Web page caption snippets
====
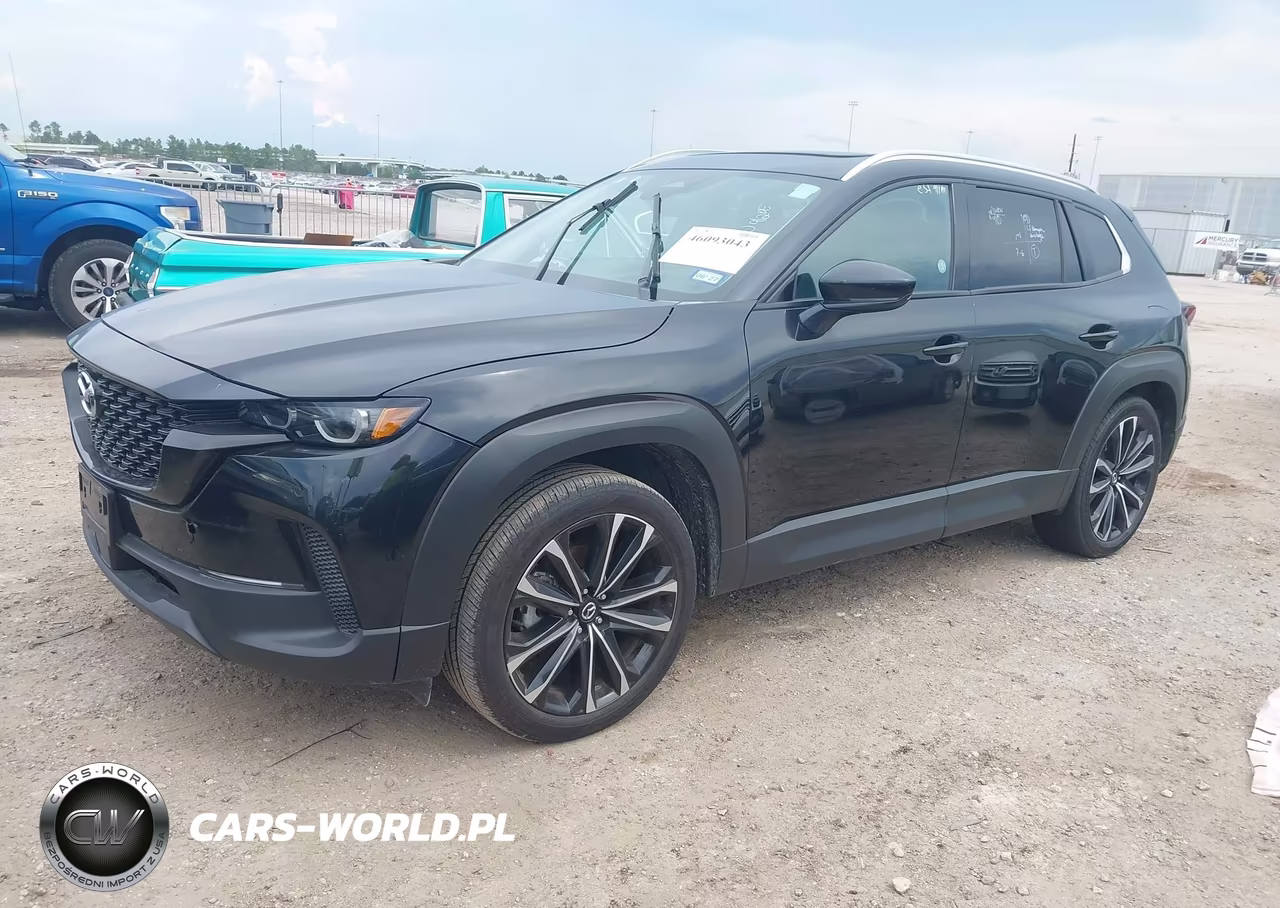 2025 Mazda Cx-50 2.5 S Premium Plus Package VIN:7MMVABEMXSN378116 - 2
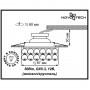 Встраиваемый светильник Novotech Maliny 370227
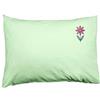 Bona Basics, Fodera decorativa per cuscino, decorazione per la casa, per divano, caffetteria, Dimensioni: 50x35 cm, colore: verde chiaro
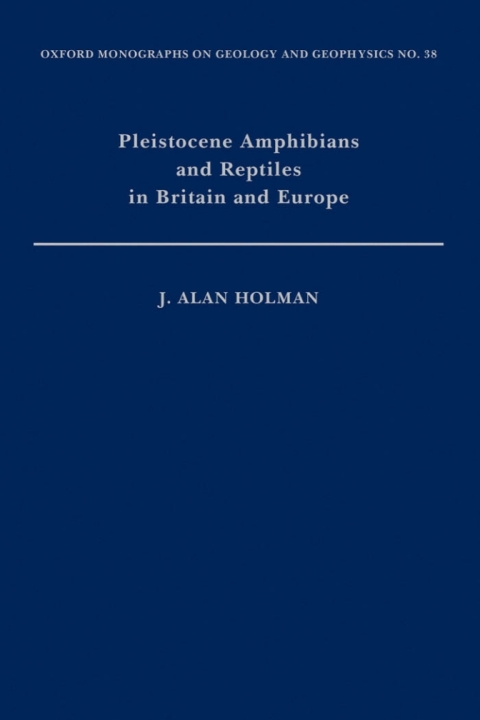 Cover image for book Pleistocene Amphibians and Reptiles in Britain and Europe
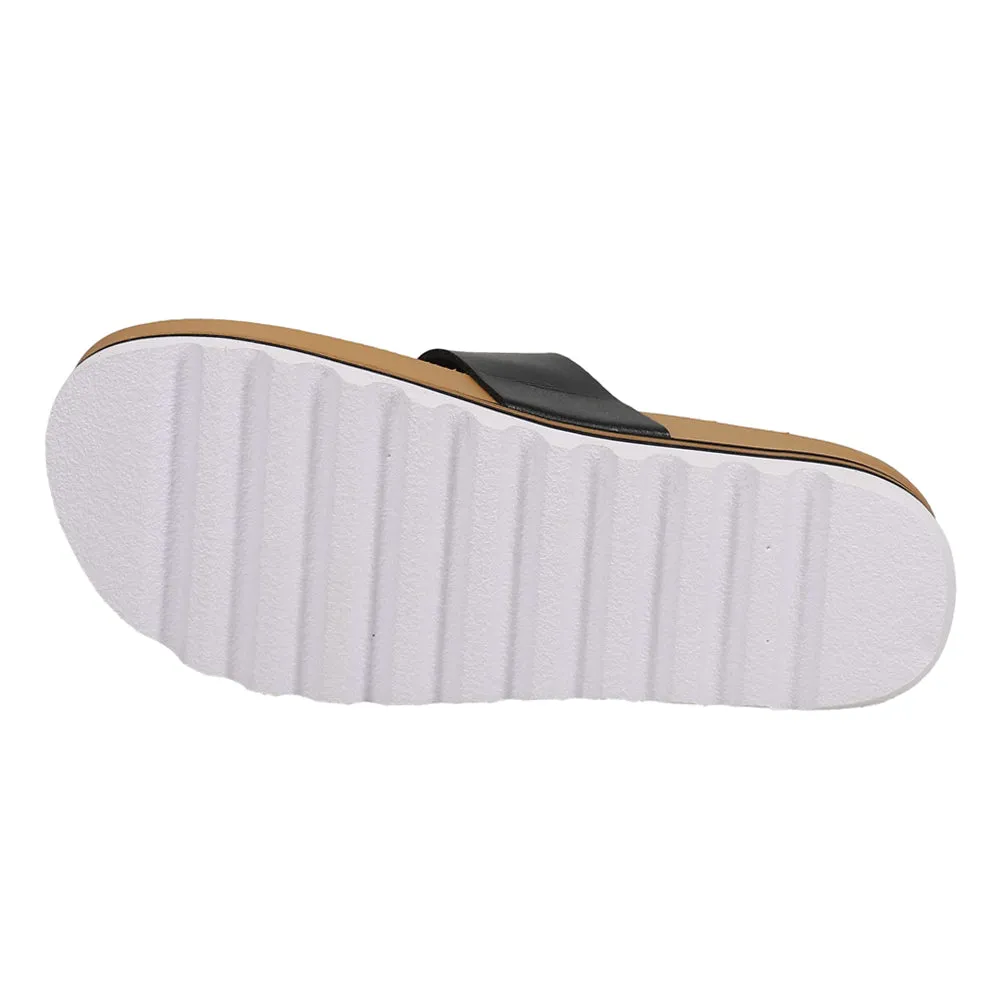 Cushion Sol Hi Platform Footbed Sandals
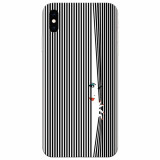 Husa silicon pentru Apple Iphone X, Stripe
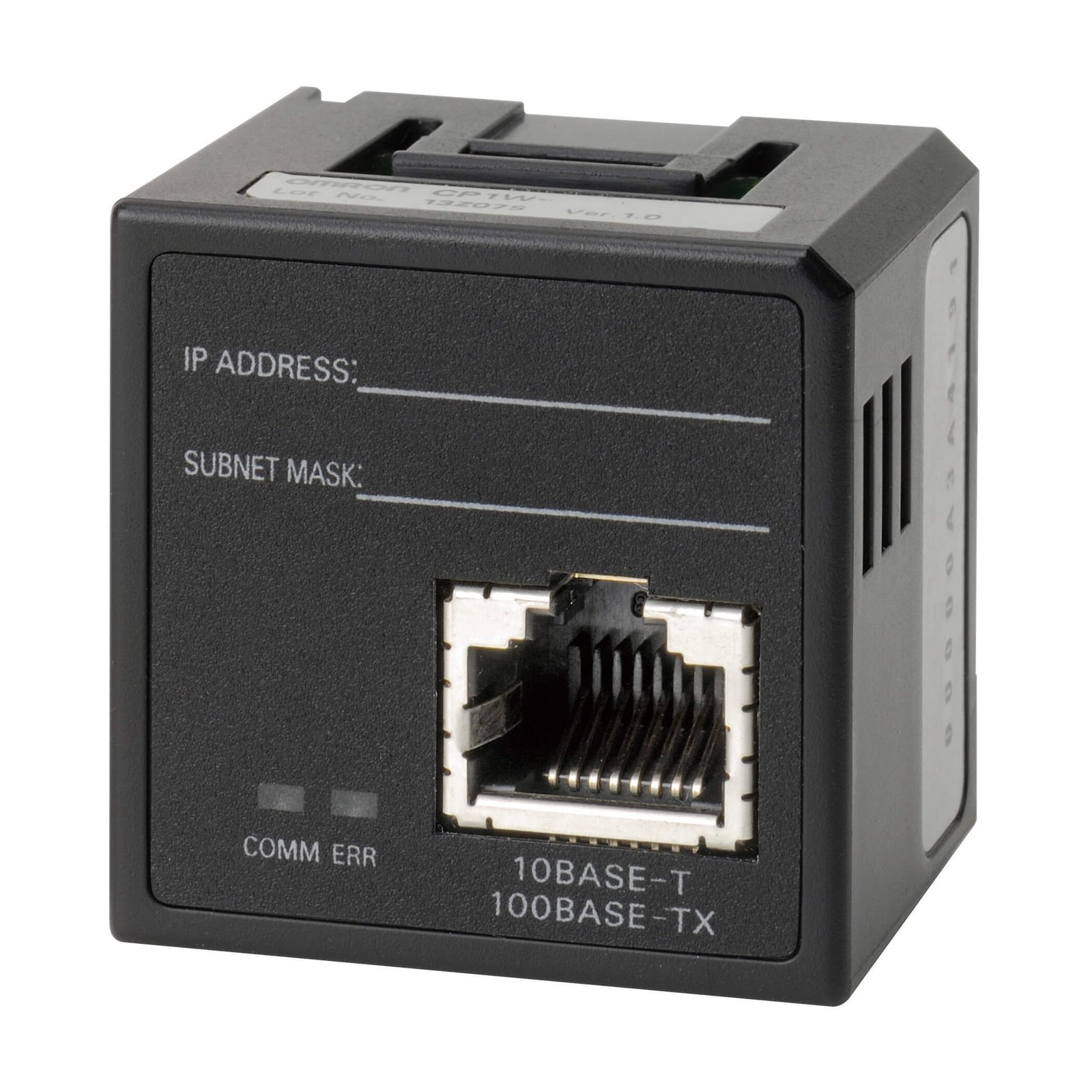CP1W-CIF41 CP1 Ethernet communications option, 1 x RJ45 socket - Image 1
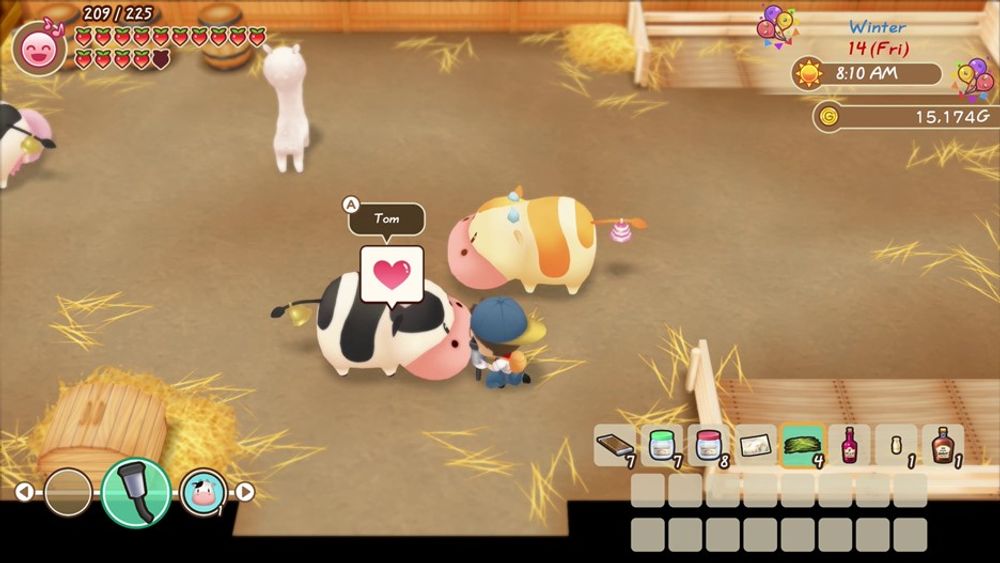 Story of Seasons Friends Mineral Town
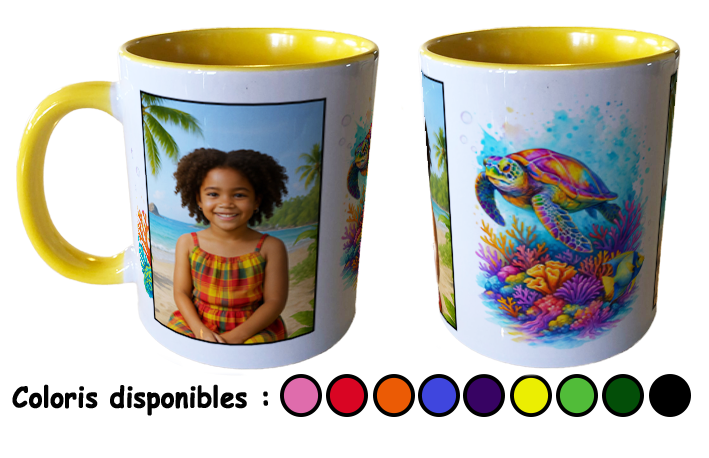 Mug photo personnalisé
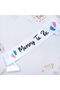 Sash for a Future Mum to Wear at Her Baby Shower - Blue Pink (Mommy TO Be) - 2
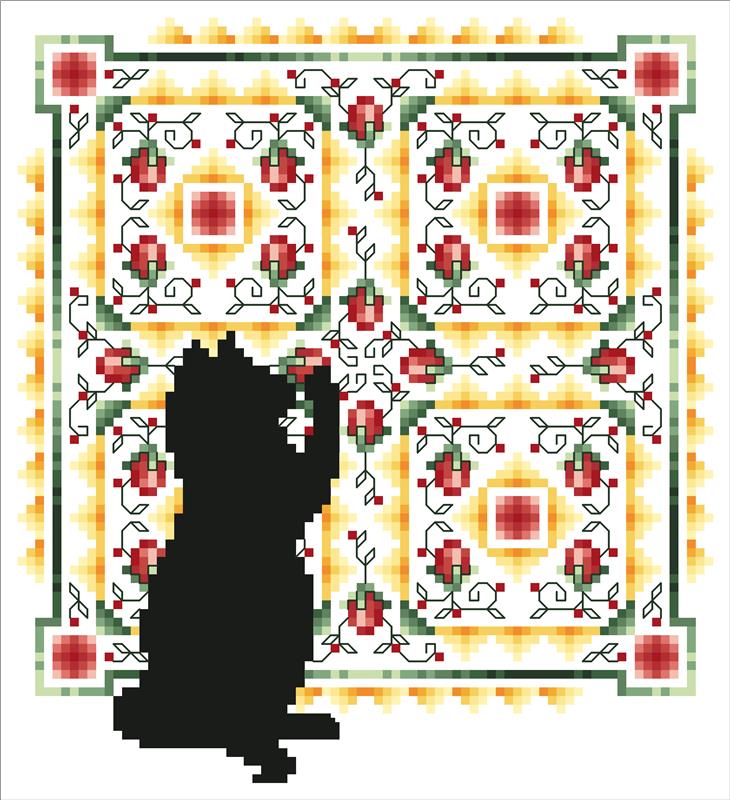 (image for) Cats And Quilts June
====
Your answer must be exactly the lines from the one with "CP1W-CIF41 CP1 Ethernet" through the last line of the entries, both included, with no pictures; please add nothing else.

CP1W-CIF41 CP1 Ethernet communications option, 1 x RJ45 socket - Image 1
 Story of Seasons Friends Mineral Town
 Mug photo personnalisé
 Sash for a Future Mum to Wear at Her Baby Shower - Blue Pink (Mommy TO Be) - 2
 (image for) Cats And Quilts June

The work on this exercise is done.